While checking in, I asked the desk clerk what time the restaurant opened as the place seemed dead – this was afterall, a hotel that catered to local corporations and it was a Sunday. He told me it wasn’t going to open tonight. There were no restaurants or even shops I saw on the short walk from the bus stop.
01:46 The lady in line behind me said, “You speak English?” Yes, I replied. Venti is an Australian expat living in Wyoming. She suggested we go to dinner together and I readily agreed.
The clerk recommended we go to an Italian place a short walk away. When we arrived and saw the unimpressive strip mall exterior, we braced ourselves for a uninspired dinner. Seeing how there were no other options, we headed inside,
It was like a going through a magic mirror. From that bland exterior, we were escorted to a charming outside patio with a beautiful garden. Our meal, the wine and the service were outstanding, and Venti and I became fast friends over our leisurely dinner.
02:22 Fast forward six months. Venti and I had kept up lazily on Facebook. That spring, she told me she was planning a three week hiking and camping adventure in Glacier National Park. Would I like to join her?
I found Venti fascinating and even though I didn’t know her well, I decided to jump at the opportunity. We are both pretty well traveled, she WAY more than me, so I figured that meant that we both knew how to roll with the punches when things go wrong – which as you know, something always does go wrong when you travel. Regardless, I considered the experience itself would be an adventure on top of me getting to see a part of the country I’d never been to. So yes, Venti, I WOULD indeed like to join you.
02:59 Because of snow, for most of us, the best time of year to visit GNP is July or August, and even as late as mid-Sept. Snow keeps many of the roads closed into June, and then the snow can start closing them back up in Sept.
03:11 GNP is in both Montana and the Alberta section of Canada. In 1932, through efforts of the Rotary International, the two country’s national parks joined together as the Waterton-Glacier International Peace Park. UNESCO has declared both parks a Biosphere Reserve, and their union a World Heritage Site. However, they are managed separately, on the US side it is called GNP and in Canada, Wateron Lakes National Park. THis means you have to pay fees on both ends. And before I forget: you need to bring your passport if you want to visit both sides, even if you are a US or Canadian citizen.
So what exactly IS a glacier?
03:51 Glaciers are the glob of snow, ice, water, rock and sediment that moves under the influence of gravity. They get bigger when winter snows create more snow and ice, but retreat when the summer heat melts more than was created over the winter.
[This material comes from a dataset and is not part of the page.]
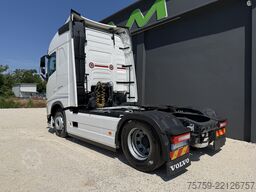 Volvo FH13.500 Globetrotter I-Save Euro6 VEB-P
The glaciers have been in retreat since the last Little Ice age ended in the mid 1800’s. There were once 150 glaciers in GNP but now it’s down to 25 active ones (meaning they are still moving forward or backward, but pretty much they are moving backward these days).
When glaciers melt and refreeze, they scour the earth and MOVE the material, ie the rocks, soil and sediment, to another location.
04:26 When I was a child on Long Island, I remember a teacher explaining that the reason the northern half of LI was hilly and rocky was due to the retreating glaciers. But the glaciers never ventured far enough south to make it to the southern, flatter, so therefore less rocky half. Funny the odd trivia you remember.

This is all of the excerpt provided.